An alley view of the same 200 block of East Main. The double-decking was only an office deep.
The Norman Hotel, in the 100-block of West Main was (and is) one of the few three-story buildings on Main, and it stayed in business at least from 1926 until 1968.
The cornice atop the now-defunct Carey Lombard Lumber Company was pretty fancy for a small town, but like its peers Norman had its pretensions.
A block north of Main Street there was a lumber yard belonging to the same company whose initials we saw on that Main Street cornice a few images back. The building now is a foundry, part of a brave effort to make Main Street an arts center.
What could this have been?
It was the Long Bell Lumber Company. The name disappeared in 1956, when International Paper bought the company, but Long Bell had been a national operation, founded in Kansas but responsible for Longview, Washington. It survived here in Norman until about 1960; by 1963 the yard was operating as Sayre Builder's Supply. In 1971 the store closed and has been falling apart ever since.
The office in 2019.
But look down the street.
A brave dentist built an office building and is looking for customers. His name's up top, like in the old days.

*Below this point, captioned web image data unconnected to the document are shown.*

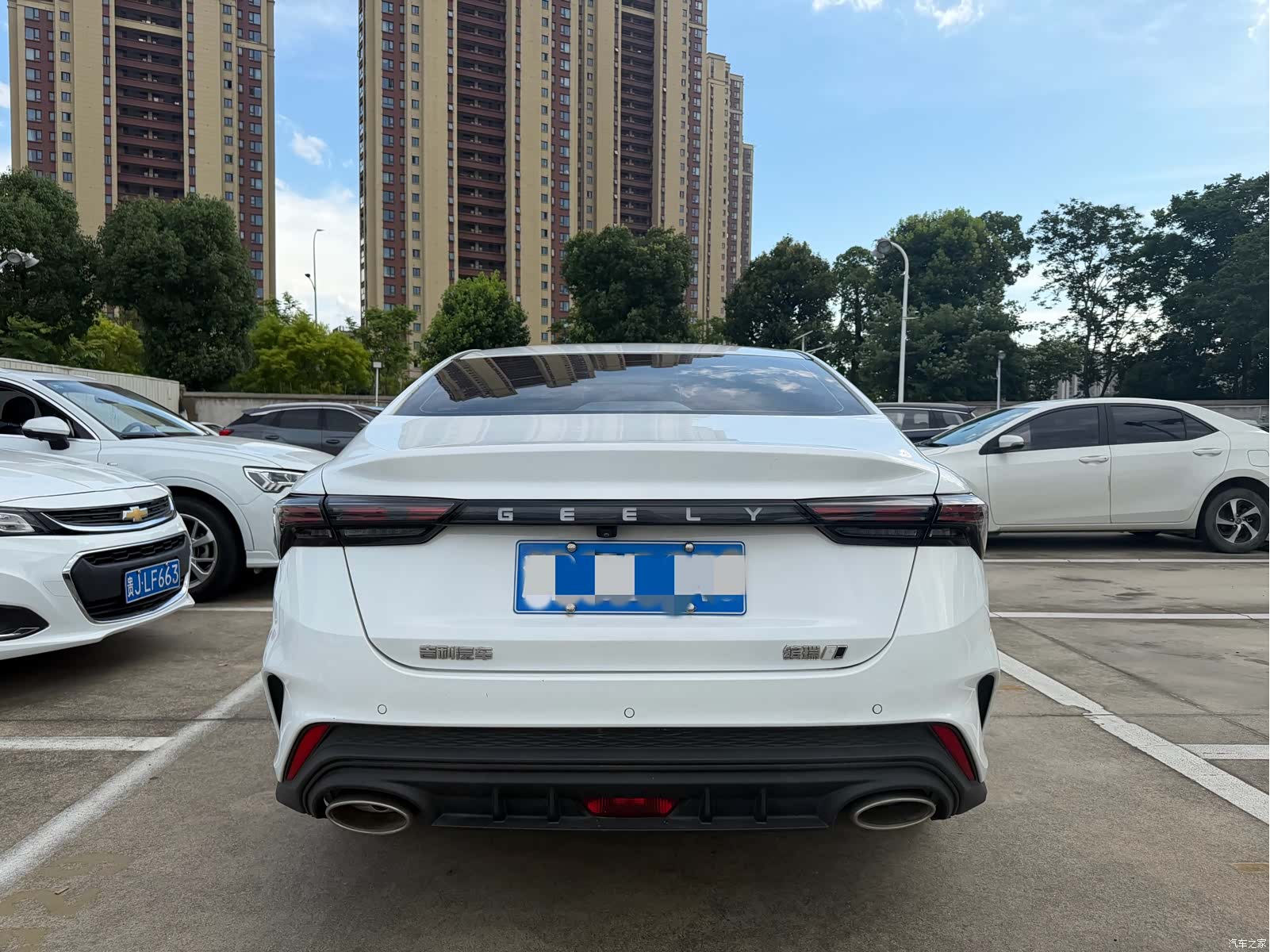 Geely Binray, 2022 12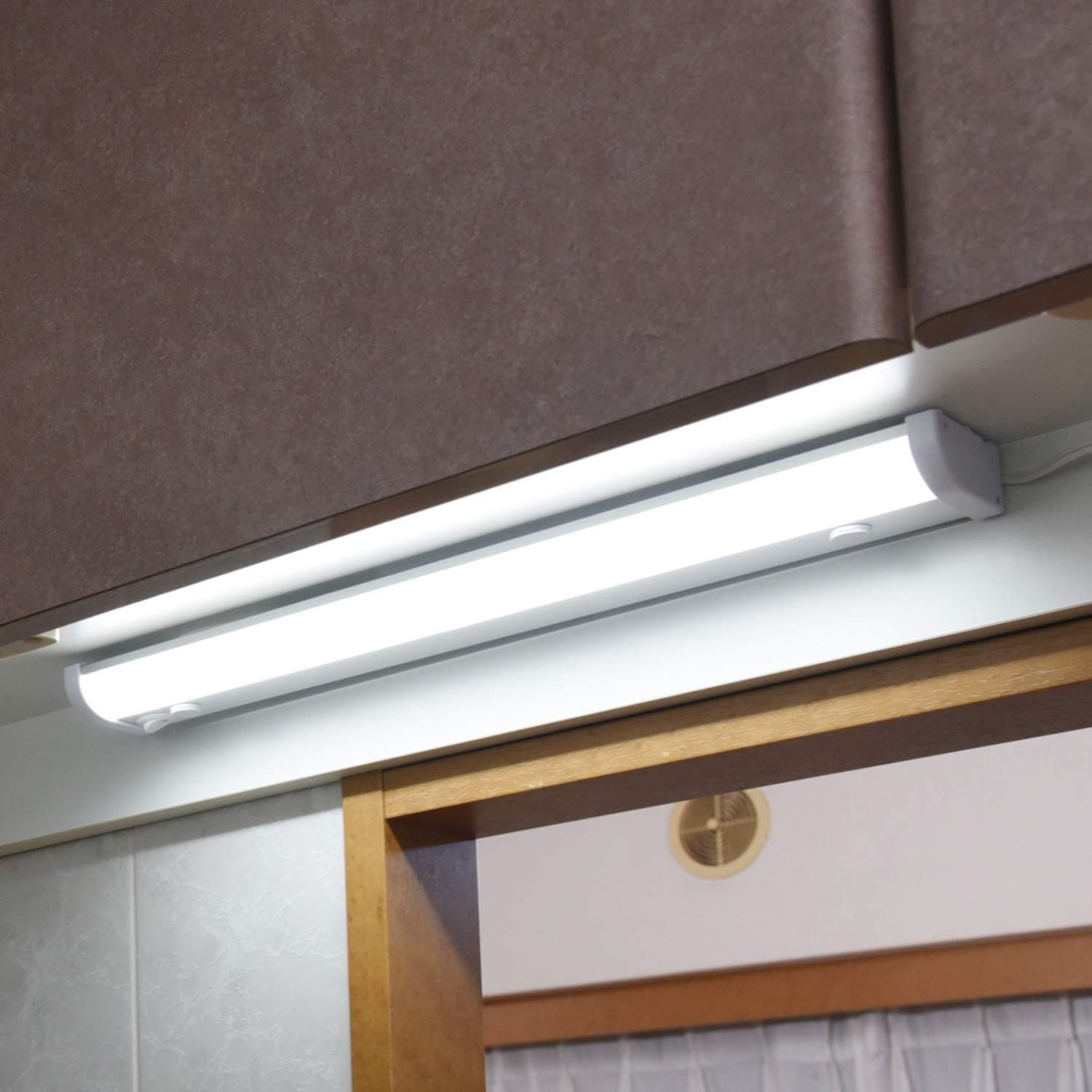 LT-B09N×4 LED多目的灯 YAMAZEN(山善) 電源AC100V(50/60Hz)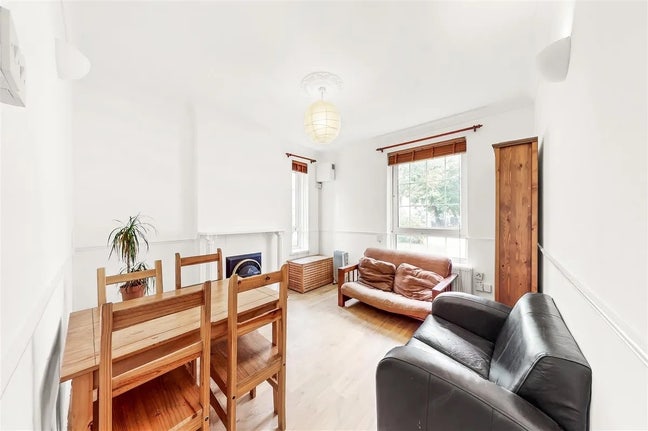 ✨Double room five mins from Colombia Road! ✨ Main Photo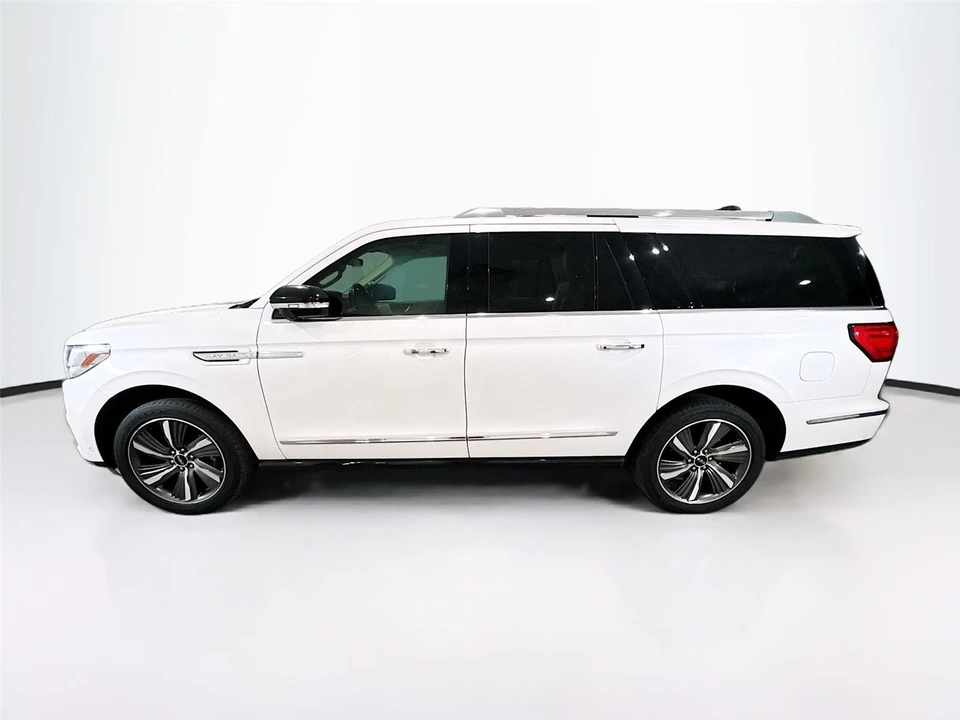 2019 Lincoln Navigator 4th Gen - Image 3 of 16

Long Bell wasn't the only national account in town. Here at 212 East Main, F.W. Woolworth was in business by 1926, and the doors stayed open until 1960.
The logo survives.
The old Woolworth's building has been blandly renovated but remains empty (2017).
129 West Main opened in 1942 as a Safeway. It stayed in business here until 1957, when it moved a few blocks west to a larger site just west of the original townsite. Behind the streetlight there's still the concrete block and the base of the pipe on which the Safeway sign stood.
Three blocks east of the track, Main Street crosses a road that since the 1920s has carried U.S. 77. A mile north of that intersection, there was a pioneer motel dating from 1947. It was called Norman Courts, later the Norman Park Hotel. It's gone now, but across the street from the site of the motel this old Phillips gas station has somehow survived.
Most homes were very modest, like this shotgun a few blocks south of Main Street. The University of Oklahoma's Sarkeys Energy Center looms in the background.
Another shotgun, this one too hugs the railroad track south of Main Street.
Some homes were a big bigger, though still on the modest side. In this case, from the 1930s, it's the garden that's most striking, for Norman was pretty barren at first. Now an urban forest covers much of the town, and this owner seems to believe that you can't have too much of a good thing. Thanks to trees, the older parts of town are remarkably sheltered from Mr. Hammerstein's Oklahoma wind.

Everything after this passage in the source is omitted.